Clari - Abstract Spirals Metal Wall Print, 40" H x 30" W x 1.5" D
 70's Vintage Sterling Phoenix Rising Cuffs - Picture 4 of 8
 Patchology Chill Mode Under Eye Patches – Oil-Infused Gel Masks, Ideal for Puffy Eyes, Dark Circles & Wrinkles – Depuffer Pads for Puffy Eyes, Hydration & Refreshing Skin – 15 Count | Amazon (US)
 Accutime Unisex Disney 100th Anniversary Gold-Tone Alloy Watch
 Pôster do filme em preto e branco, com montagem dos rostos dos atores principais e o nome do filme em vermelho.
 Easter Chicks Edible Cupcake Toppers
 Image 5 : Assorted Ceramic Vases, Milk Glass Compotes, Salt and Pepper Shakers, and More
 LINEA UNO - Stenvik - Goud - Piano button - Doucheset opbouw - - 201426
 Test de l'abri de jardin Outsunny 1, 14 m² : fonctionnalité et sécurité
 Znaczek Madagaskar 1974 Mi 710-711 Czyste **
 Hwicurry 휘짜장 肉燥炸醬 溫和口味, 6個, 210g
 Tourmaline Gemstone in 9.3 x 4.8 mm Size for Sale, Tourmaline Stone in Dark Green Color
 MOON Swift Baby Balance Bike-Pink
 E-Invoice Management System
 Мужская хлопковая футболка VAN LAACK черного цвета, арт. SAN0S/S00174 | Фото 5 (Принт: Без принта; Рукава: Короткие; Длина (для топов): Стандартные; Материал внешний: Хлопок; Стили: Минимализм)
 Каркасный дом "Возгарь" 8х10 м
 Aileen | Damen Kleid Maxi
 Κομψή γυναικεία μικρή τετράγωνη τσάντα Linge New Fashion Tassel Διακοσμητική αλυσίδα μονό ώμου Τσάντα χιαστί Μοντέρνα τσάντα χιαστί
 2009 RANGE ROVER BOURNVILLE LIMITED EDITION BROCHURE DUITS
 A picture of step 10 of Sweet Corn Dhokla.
-=-=-
Task to complete: Your answer must be the line that contains "Patchology Chill Mode" and every line after it to the end of the records, reproduced exactly.

Solution:
 Patchology Chill Mode Under Eye Patches – Oil-Infused Gel Masks, Ideal for Puffy Eyes, Dark Circles & Wrinkles – Depuffer Pads for Puffy Eyes, Hydration & Refreshing Skin – 15 Count | Amazon (US)
 Accutime Unisex Disney 100th Anniversary Gold-Tone Alloy Watch
 Pôster do filme em preto e branco, com montagem dos rostos dos atores principais e o nome do filme em vermelho.
 Easter Chicks Edible Cupcake Toppers
 Image 5 : Assorted Ceramic Vases, Milk Glass Compotes, Salt and Pepper Shakers, and More
 LINEA UNO - Stenvik - Goud - Piano button - Doucheset opbouw - - 201426
 Test de l'abri de jardin Outsunny 1, 14 m² : fonctionnalité et sécurité
 Znaczek Madagaskar 1974 Mi 710-711 Czyste **
 Hwicurry 휘짜장 肉燥炸醬 溫和口味, 6個, 210g
 Tourmaline Gemstone in 9.3 x 4.8 mm Size for Sale, Tourmaline Stone in Dark Green Color
 MOON Swift Baby Balance Bike-Pink
 E-Invoice Management System
 Мужская хлопковая футболка VAN LAACK черного цвета, арт. SAN0S/S00174 | Фото 5 (Принт: Без принта; Рукава: Короткие; Длина (для топов): Стандартные; Материал внешний: Хлопок; Стили: Минимализм)
 Каркасный дом "Возгарь" 8х10 м
 Aileen | Damen Kleid Maxi
 Κομψή γυναικεία μικρή τετράγωνη τσάντα Linge New Fashion Tassel Διακοσμητική αλυσίδα μονό ώμου Τσάντα χιαστί Μοντέρνα τσάντα χιαστί
 2009 RANGE ROVER BOURNVILLE LIMITED EDITION BROCHURE DUITS
 A picture of step 10 of Sweet Corn Dhokla.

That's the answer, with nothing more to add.